Dernier paramètre, le financement du reliquat : sur le cas type à Meyrargues, le reste à charge d'un ménage très modeste ressort à 6 000 € après aide ANAH et prise en charge de l'accompagnement. Étalé sur quinze ans en éco-prêt à taux zéro, cela représente de l'ordre de 35 € par mois, à comparer aux 1 270 € d'économie annuelle attendue sur la facture d'énergie.
Le chiffrage type publié sur cette page part de 110 m², en zone H3 : après un bouquet complet, la consommation recule d'environ 11 800 kWh par an, soit près de 1 270 € au tarif de référence. Côté financement, l'assiette est plafonnée à 40 000 € HT dès trois classes gagnées, l'aide ANAH s'échelonne de 4 000 € à 32 000 € selon le revenu fiscal de référence, et l'accompagnement obligatoire est pris en charge jusqu'à 2 000 €.
La zone climatique n'est pas un détail administratif : à Meyrargues, en zone H3, la base conventionnelle retenue est de 195 kWh/m²/an. C'est elle qui fixe le retour sur investissement de la remise à niveau d'un logement mis en location et qui explique qu'un même ouvrage soit prioritaire ici et secondaire dans une zone plus tempérée.
Le parc local commande la faisabilité : sur 1 661 résidences principales, on estime 1 111 maisons individuelles (67 %) à Meyrargues.

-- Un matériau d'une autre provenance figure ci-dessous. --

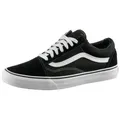 Vans Old Skool Sneaker in black-white, Größe 44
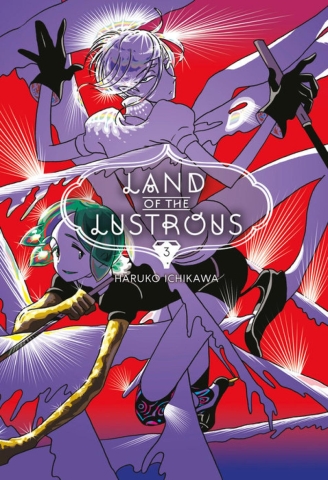 Land of the Lustrous Vol. 3 cover image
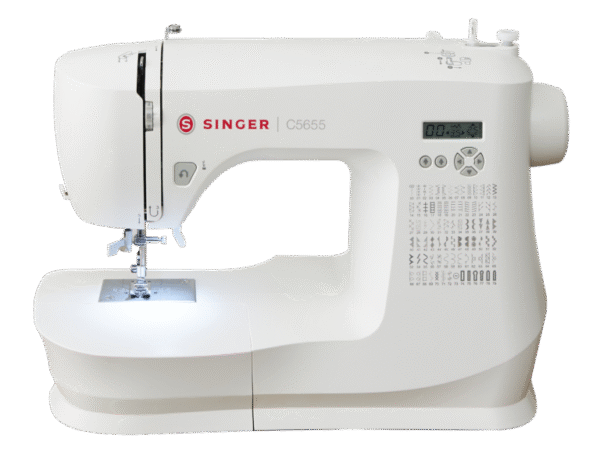 MAQUINA DE COSER SINGER 5655 ELECTRONICA - Imagen 2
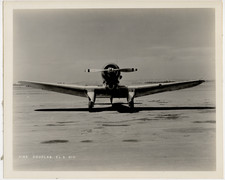 Original Northrop BT-1 Navy Dive Bomber Photo 8x10, SBD Dauntless Ancestor 1930s picture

La vacance du logement pendant les travaux lourds y devient l'arbitrage dominant, bien avant le choix de matériau, pour la remise à niveau d'un logement mis en location.

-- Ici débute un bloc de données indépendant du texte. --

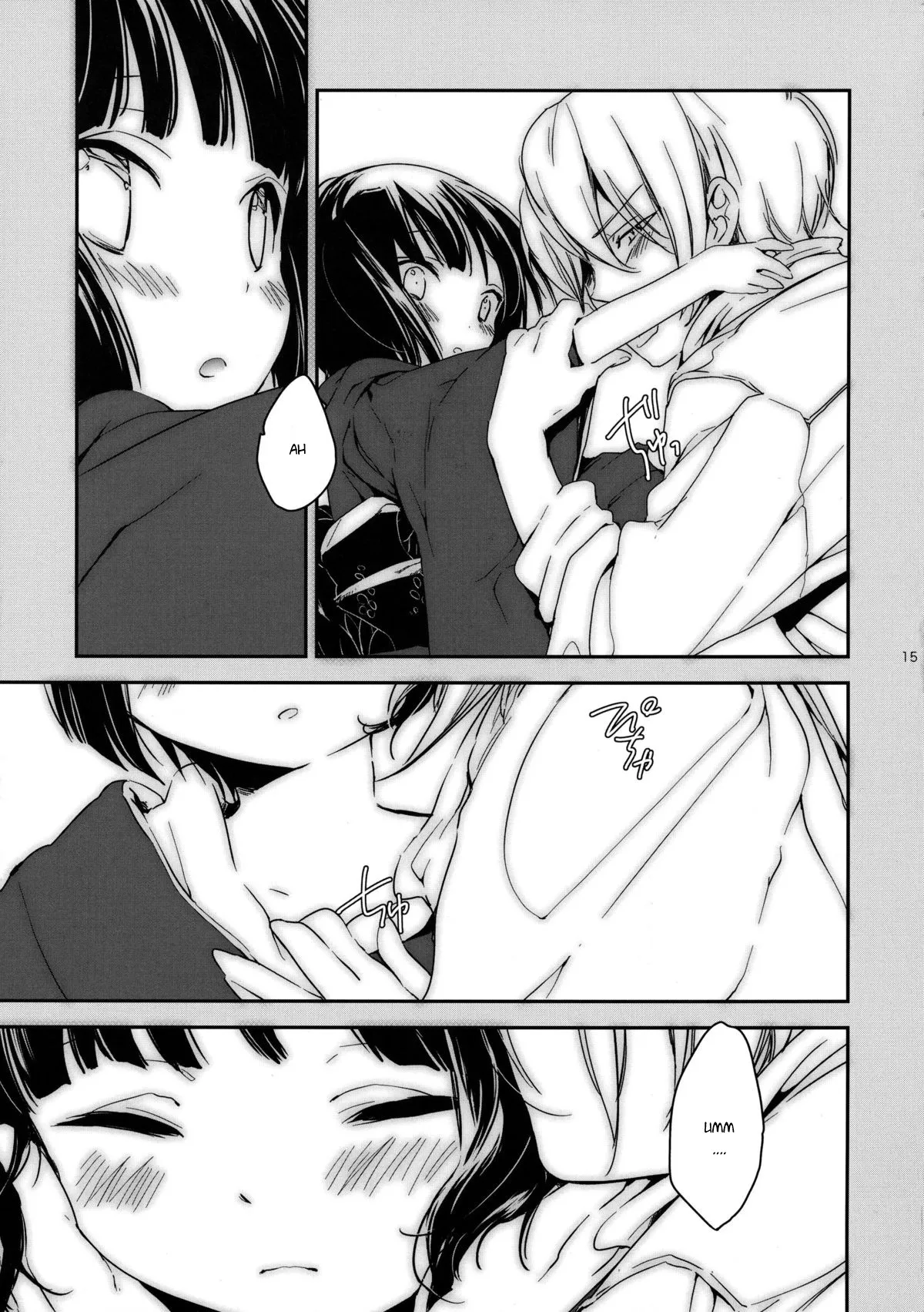 HentaiVN.net - Ảnh 14 - UN REVE (Ikoku Meiro no Croisée) - Chap 1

Ne signez rien avant l'accord : sur la remise à niveau d'un logement mis en location à Meyrargues, l'antériorité du dossier est une condition d'éligibilité, pas une formalité. L'enjeu se chiffre à 32 000 € pour un profil très modeste et 18 000 € pour un profil intermédiaire.
Vérifiez la ligne de TVA du devis à Meyrargues : 5,5 % pour la remise à niveau d'un logement mis en location sur un logement de plus de deux ans, soit 916 884 € sur un montant de 17 587 500 € TTC. Le taux réduit s'applique aussi à la main-d'œuvre et aux matériaux fournis par l'entreprise.
Statut d'occupation à Meyrargues : 990 logements occupés par leur propriétaire, soit 60 % du parc. La décision d'engager la remise à niveau d'un logement mis en location y est directe ; ailleurs, elle passe par un bailleur dont le calcul de rentabilité et les aides diffèrent.
L'écueil le plus coûteux reste un engagement de conventionnement signé sans simuler le manque à gagner locatif. Sa reprise après coup coûte couramment 10 à 20 % du poste, soit 1 758 750 € à 3 517 500 € sur le chiffrage retenu à Meyrargues — un montant qui n'est jamais couvert une seconde fois par l'aide, déjà consommée.
La séquence prime sur la vitesse : la remise à niveau d'un logement mis en location occupe un opérateur agréé par l'Anah durant cinq à neuf mois à Meyrargues. Son positionnement dans le calendrier — après l'audit, avant la mise en service — conditionne la qualité des interfaces entre lots bien plus que le choix de l'entreprise.